La dote ipotizzata per ritoccare gli stipendi ai dirigenti - in totale non più di 90/95 milioni - potrà garantire aumenti minimi, ma secondo il ministero è indice comunque di un segnale di attenzione nei confronti del personale della scuola e soprattutto si andrebbe a sommare all’aumento da 85 euro in arrivo con il rinnovo del contratto a cui lavora la ministra Marianna Madia. Quest’ultimo riguarderà ovviamente sia i docenti che i presidi. Per quanto riguarda questi ultimi, secondo i dati raccolti dall’Aran, l’agenzia governativa che si occupa delle negoziazioni nella Pubblica amministrazione, i dirigenti scolastici sarebbero i meno pagati di tutti. Eppure la scuola è nelle loro mani: si occupano di fondi e di didattica, ma anche della sicurezza degli edifici.
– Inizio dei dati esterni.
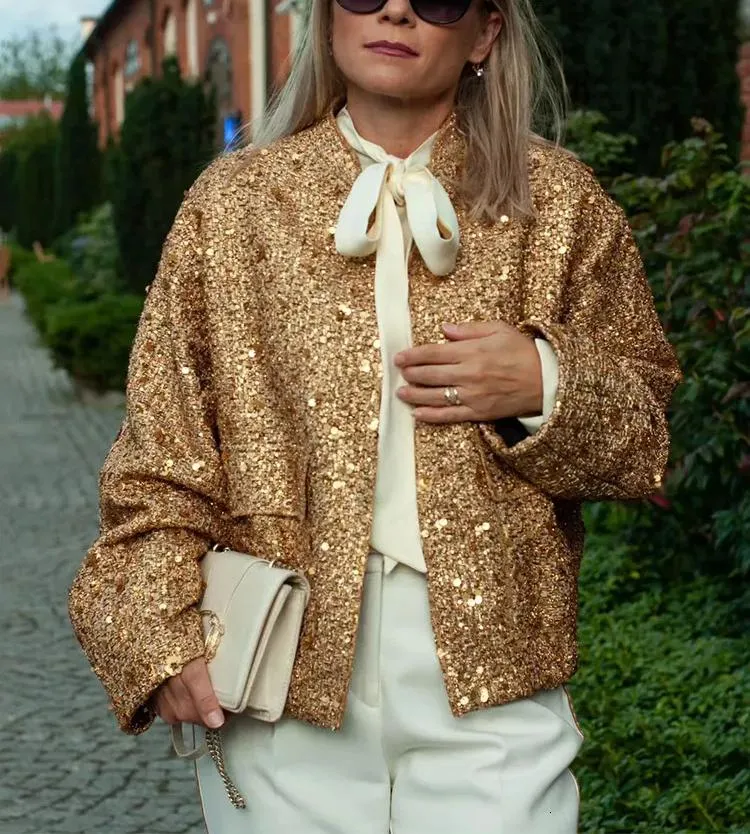 Gold Sequin Loose Fit Warm Jacket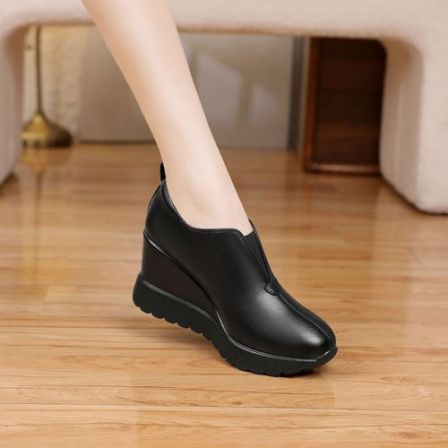 8.5cm小个子舒适厚底坡跟鞋百搭一脚蹬休闲女鞋深口单鞋真皮圆头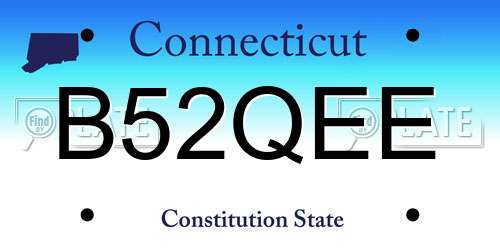 B52QEE Connecticut License Plate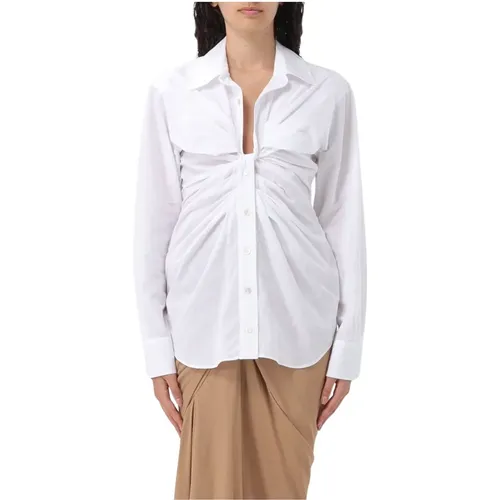Poplin Shirt with Front Knot Detail , female, Sizes: XS - Erika Cavallini - Modalova
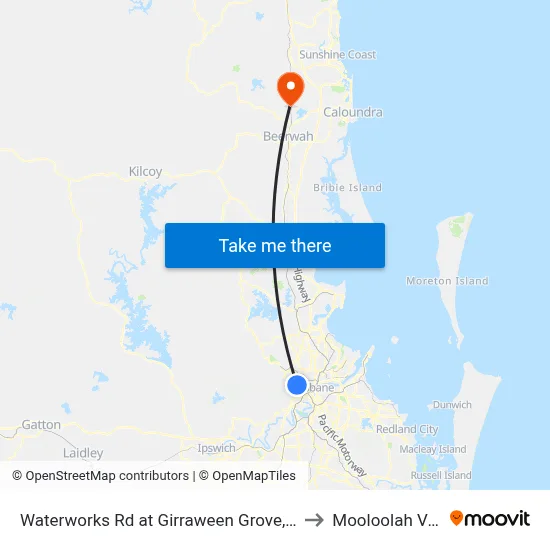 Waterworks Rd at Girraween Grove, Stop 21 to Mooloolah Valley map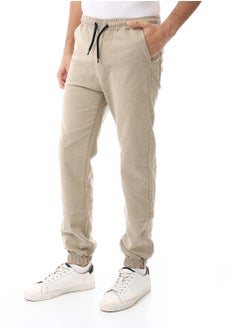 Andora Elastic Waist With Drawstring Gabardine Sweatpants_ Beige  - Image 2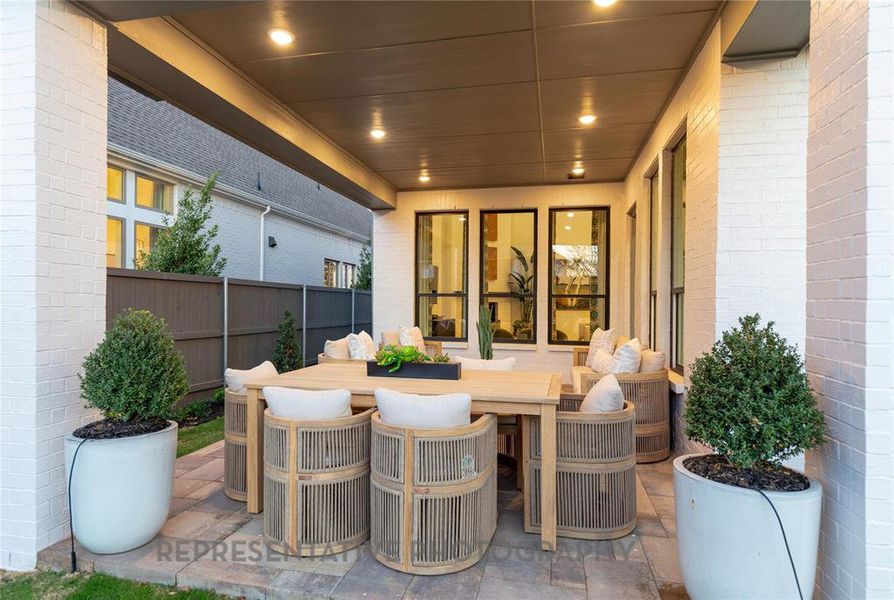 Exterior details and patio area of a home in Landmark, Denton (Image 2). Exterior details and patio area of a home in Landmark, Denton (Image 2).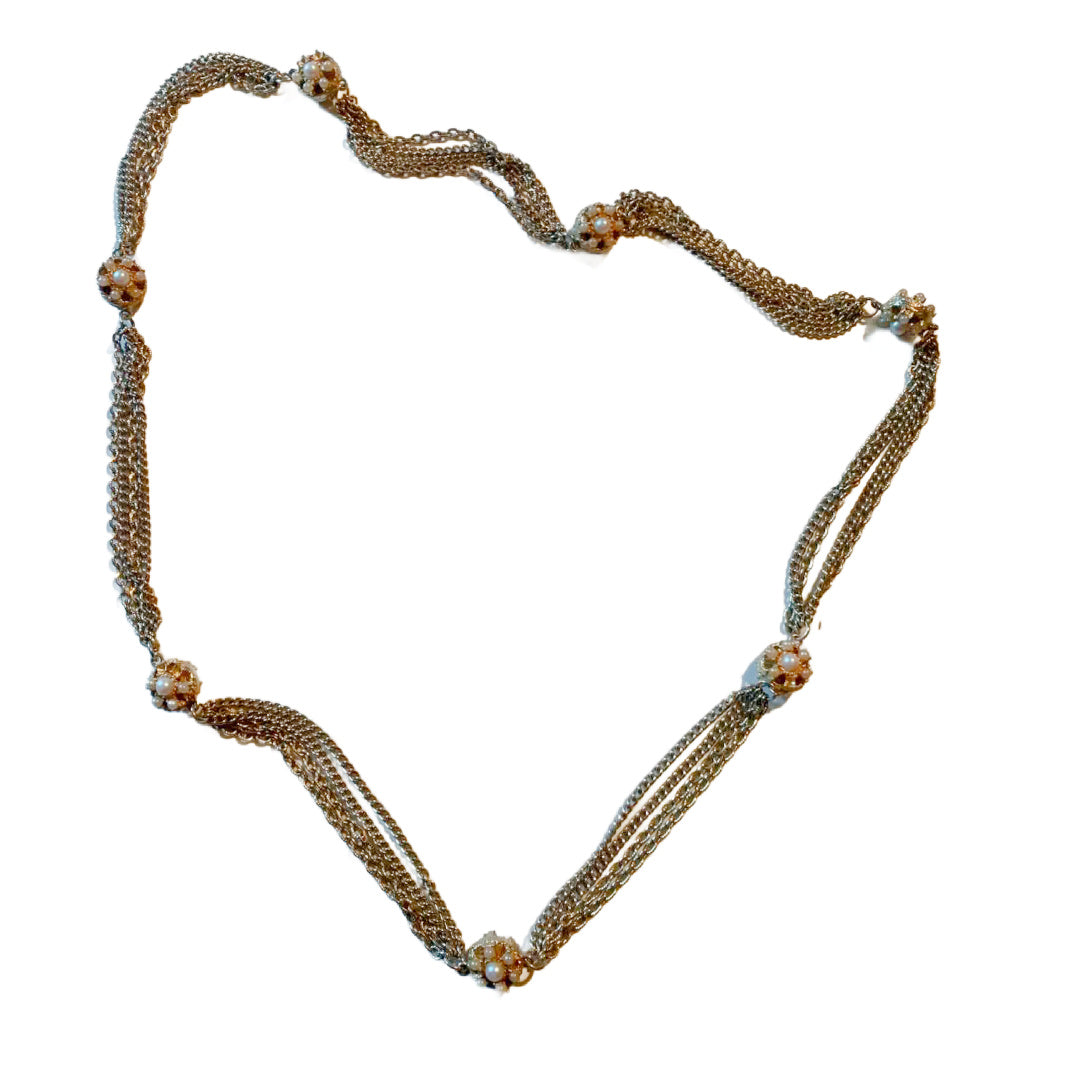 Long Gold Tone Quadruple Chain Necklace Faux Pearl Accents circa 1970s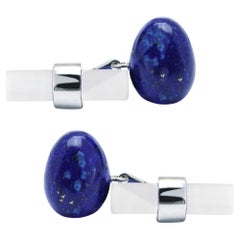 Alex Jona Boutons de manchette cylindriques en or blanc 18 carats, lapis-lazuli, œuf et calcédoine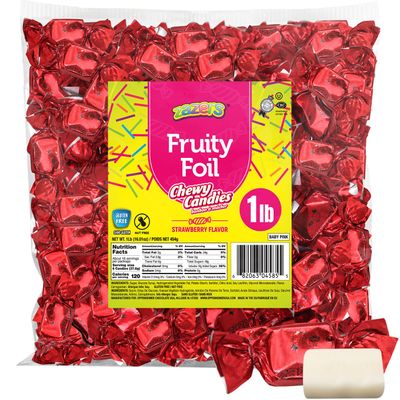 Zazers Red Strawberry Chewy Taffy Candy - 1-Pound Bag of Zazers Fruity Foil Chewy Candy - Strawberry Flavor, Individually Wrapped, Kosher (NET WT 454g)
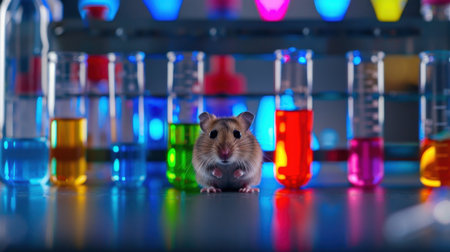 A curious hamster explores a science laboratory filled with colorful test tubes containing vibrant liquids, showcasing a creative experiment atmosphere.の素材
In molti si dividono pure tra due istituti, ma la loro busta paga non è all’altezza dei colleghi degli altri settori pubblici: 57.861 euro lordi che diventano poco più di 36mila netti. E sebbene dal 1998 siano diventati dirigenti della Pa, «a un carico di oneri sempre più pesanti non sono corrisposti altrettanti onori» dicono in coro. Di lavoro da fare ce n’è tanto: i compiti si moltiplicano mentre le risorse sono sempre più risicate. La manovra dovrebbe far lievitare i loro compensi, ma in molti sono scettici: «Ormai siamo sfiduciati, sarà la solita zolletta di zucchero per addolcire la pillola che arriva puntualmente alla vigilia delle elezioni».